Did you see my section in the OP about excludability of harms as follows?
I wrote ‘perhaps mutually-knowably so’ anticipating this kind of ‘ooh AI big stick’ thing, though I remain uncertain. Do you think harm-excludability seems difficult for AGI? Do you think enough people currently/might agree that it’s not like a nuke and more like a bioweapon?
Do you think humanity is sort of doing middling OK on bio? (i.e. not foregone conclusion biowarfare/disasters?) What about climate? Nukes? Clearly we’re doing quite badly but I don’t think the course of the future is set in stone[1:1] for any of these.
Overall it appears that you’re very (I would say over) confident in this picture. To the extent that you take issue with my asking for nuance (of the kind that takes claims from false unless contorted with caveats to basically true). Perhaps on the basis that what we perceive now (lots of actors of various sizes competing and cooperating on various axes including access to compute) is actually a shadow of what’s unavoidably to come (all-out superpower strife in a race to AGI) and in the latter world the finer distinctions don’t matter?
I don’t care if you are a physical determinist, we’re finite, tiny computers in a messy world. There might be some ‘ground truth’ about what the future holds, but from our POV it’s stochastic.
What makes it a foregone conclusion is the powerful nature of race dynamics are convergent. Actions that would cause a party to definitely lose a race have feedback. Over time multiple competing agents will choose winning strategies, and others will copy those, leading to strategy mirroring. Certain forms of strategy (like nationalizing all the AI labs) are also convergent and optimal. And see a party could fail to play optimally, then observe they are losing, and be forced to choose optimal play in order to lose less.

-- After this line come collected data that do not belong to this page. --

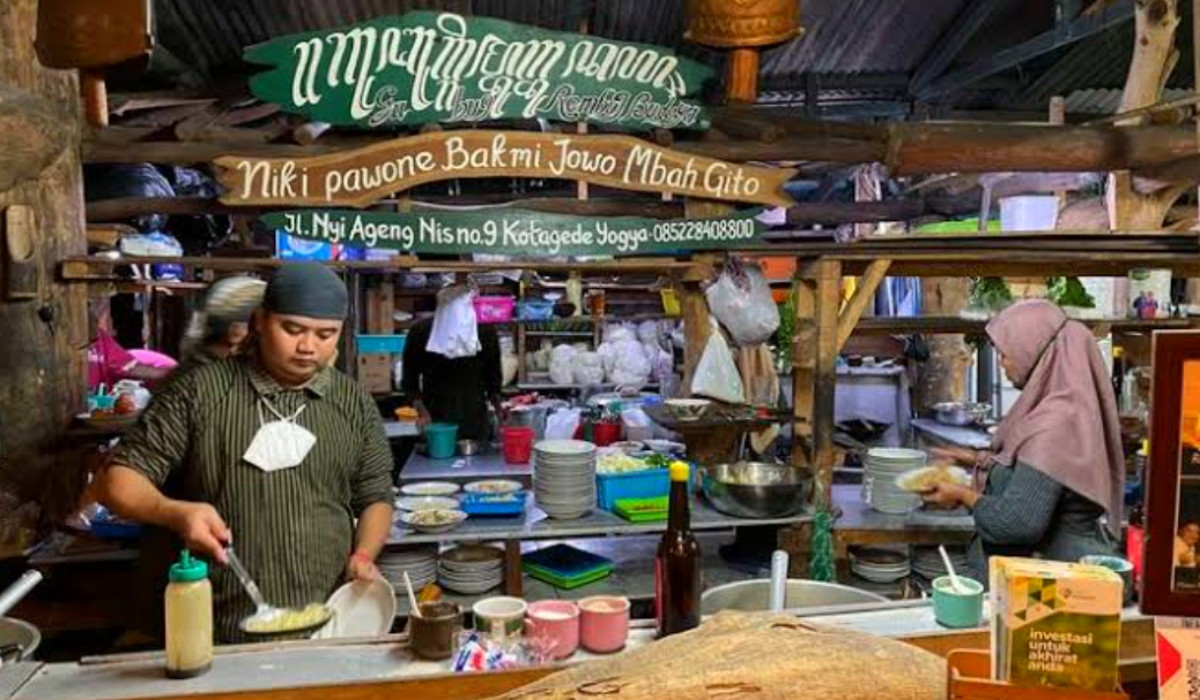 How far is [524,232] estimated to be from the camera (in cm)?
509

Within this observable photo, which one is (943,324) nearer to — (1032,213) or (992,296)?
(992,296)

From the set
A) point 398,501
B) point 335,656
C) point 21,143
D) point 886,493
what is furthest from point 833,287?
point 21,143

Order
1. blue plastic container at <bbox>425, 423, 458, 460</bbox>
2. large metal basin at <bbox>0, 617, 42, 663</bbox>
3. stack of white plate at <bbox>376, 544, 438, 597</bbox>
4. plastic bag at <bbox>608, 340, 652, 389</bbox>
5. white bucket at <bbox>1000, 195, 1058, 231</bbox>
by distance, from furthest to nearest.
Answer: plastic bag at <bbox>608, 340, 652, 389</bbox>
white bucket at <bbox>1000, 195, 1058, 231</bbox>
blue plastic container at <bbox>425, 423, 458, 460</bbox>
stack of white plate at <bbox>376, 544, 438, 597</bbox>
large metal basin at <bbox>0, 617, 42, 663</bbox>

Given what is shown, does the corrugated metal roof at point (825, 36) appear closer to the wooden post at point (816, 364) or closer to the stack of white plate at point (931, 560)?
the wooden post at point (816, 364)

So my seeming overconfidence is because I am convinced the overall game will force all these disparate uncoordinated individual events to converge on what it must.
I expect there are several views, but let’s look at the bioweapon argument for a second.
In what computers can the “escaped” AI exist in? There is no biosphere of computers. You need at least (1600 Gb x 2 / 80 x 2) = 80 H100s to host a GPT-4 instance. The real number is rumored to be about 128. And that’s a subhuman AGI at best without vision and other critical features.
How many cards will a dangerous ASI need to exist? I won’t go into the derivation here but I think the number is > 10,000, and they must be in a cluster with high bandwidth interconnects.
As for the second part, “how are we going to use it as a stick”. Simple. If you are unconcerned with the AI “breaking out”, you train and try a lot of techniques, and only use “in production” (industrial automation, killer robots etc) the most powerful model you have that is measurably reliable and efficient and doesn’t engage in unwanted behavior.
None of the bad AIs ever escape the lab, there’s nowhere for them to go.
Note that might be a different story in 2049, that would be when Moore’s law would put a single GPU at the power of 10,000 of them. It likely can’t continue that long, exponentials stop, but maybe computers built with computronium printed off a nanoforge.
But we don’t have any of that, and won’t anytime in the plannable future. We will have AGI systems good enough to do basic tasks, including robotic tasks.